Bir 'mü'min fiziği' mümkün müdür?
Aziz kardeşim Prof. Dr. Süleyman Hayri Bolay'ın 'Bilimin Değeri Meselesi' (Ebabil, 2010) adlı çalışmasına ilişkin değerlendirmelerime geçen hafta başlamıştım;- devam ediyorum.
Bolay'ın kitabı, bu 'mesele'yi, esas itibariyle Henri Poincaré'nin temsil ettiği 'Konvansyonalizm ('Uylaşımcılık') ve Pierre Duhem'in temsil ettiği 'Nominalizm' (Adçılık) üzerinden ele alıyor. Geçen hafta da belirttiğim gibi Henri Poincaré'nin temsil ettiği Konvansiyonalizmin temelkoyucu tezi, bilimsel problemlerin sadece deney verileriyle çözmenin mümkün olmayışı ve ancak deneylerle birlikte 'çözüme imkân veren bazı konvansiyonları kabul etmekle halledilebilir' oluşlarıdır. Duhem'in temsil ettiği Nominalizmi ise bir fizik teorisinin bir açıklama (explication) olmadığı, fizik yasalarınınsa sembolik ilişkiler, dolayısıyla da; ne doğru ne de yanlış, ama yaklaşık (fr.'approché H.Y.) ve tahmine dayalı oldukları görüşüne dayanır. Bolay, 'Duhem, fizik kanunlarının yaklaşık olduklarını iddia ederek, bunların doğru ve yanlış olduğu belli olmayan itibarlara dayandığını ileri sürmekle ilmî olgunun ve zihnin, dolayısıyla da ilmin değerini küçültmüş, ilmî bilginin itibarını zedelemiş olarak kabul edilmiştir,' diyordu.
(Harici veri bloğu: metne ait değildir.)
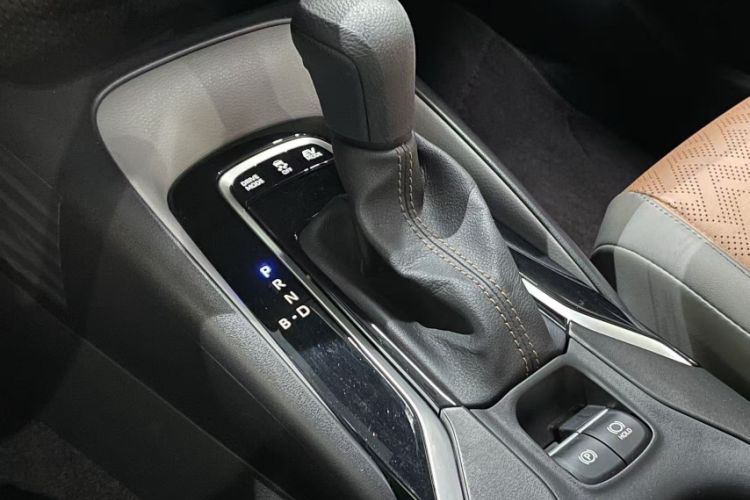 Used Toyota Levin 2023 Smart Electric Hybrid Dual-Engine 1.8L Sport Edition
Bolay'ın hocası rahmetli Ord. Prof. Hilmi Ziya Ülken de bu kanıdadır. Ülken, 'Bilim Felsefesi'nde Duhem'in bu 'şüpheci görüş[leri]'inin, Poincaré'nin Konvansiyonalizmi'nden 'daha aşırı olduğu için gerek ilim gerek felsefede iyi karşılanmamış [...]' olduğunu bildiriyor. [Geçerken belirteyim: Ülken Hoca, Duhem'i 'Nominalist' değil 'Elverişçi' (Commodiste) diye nitelemeyi tercih etmektedir.]
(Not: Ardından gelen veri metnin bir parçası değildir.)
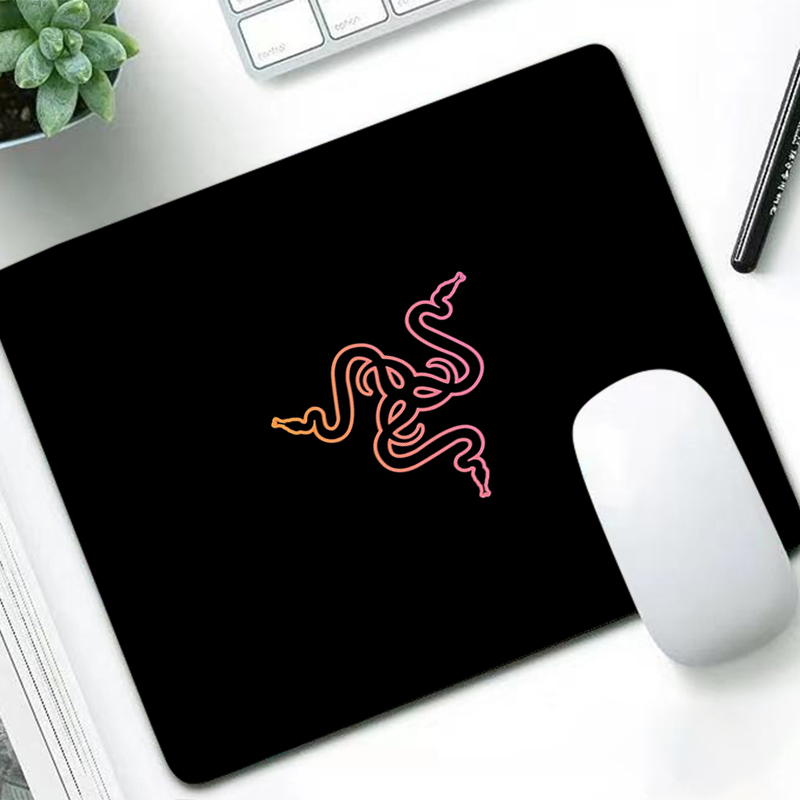 Pc Gaming Essentials - Razer Luxe Muismat Anime Gamer Bureaumat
Burada asıl mesele, Duhem'in bu şüpheci yaklaşımının, Bolay'ın deyişiyle, bizi, bilimin 'hakikat hakkında bir şey öğretmeyecek' bir sonuca taşıyıp taşımadığıdır. Bolay, 1904 yılında Duhem'i ağır şekilde eleştiren Abel Rey'in, onun (Duhem'in 'tam bir bilimsel şüphecilik anlayışı içinde', felsefesini bir 'mü'min kişinin bilimsel felsefesi ol[arak]' inşa ettiğini öne sürmüştür. Bolay, Duhem'in Rey'e verdiği cevabı alıntılıyor;- şöyle:
'Şüphesiz ben, bütün kalbimle Tanrı'nın bize vahyettiği hakikatlara (aux vérités) ve Kilisesi vasıtasıyla talim ettiği şeylere inanıyorum, ben hiçbir zaman imanımı gizlemedim ve o imanı muhafaza edeceğim, onu kalbimin derinliklerinden hissediyorum, ondan dolayı asla utanç duymuyorum, diyebilirim ki benim öğrettiğim fizik, bir mü'minin fiziğidir.'
Bolay da, Duhem'in, 'dindar olmakla birlikte, metafiziğe ve dine dayalı bir fiziğin kurulamayacağına kani' olduğunu belirtir. Doğrudur, ama 'mü'min fiziği' Duhem'in önesürdüğü gibi, metafizik ve dinsel temellere dayandırılmadan inşa edilebilir mi? Modern bilimin metafizik temelleri üzerine Newton'dan önce ve ondan sonraki teorik çalışmalar göz önüne alındığında bunun pek de mümkün olmadığı söylenebilir. Bir başka türlü söylersem, 'mü'min fiziği', metafizik temellere dayanmadan inşa edilemez. Nitekim aksi görüş içeren beyanlarına rağmen, Duhem de, son tahlilde, 'Fiziği aşan düzenli bir inanç, fizik teorinin tek varlık sebebidir' dememiş midir?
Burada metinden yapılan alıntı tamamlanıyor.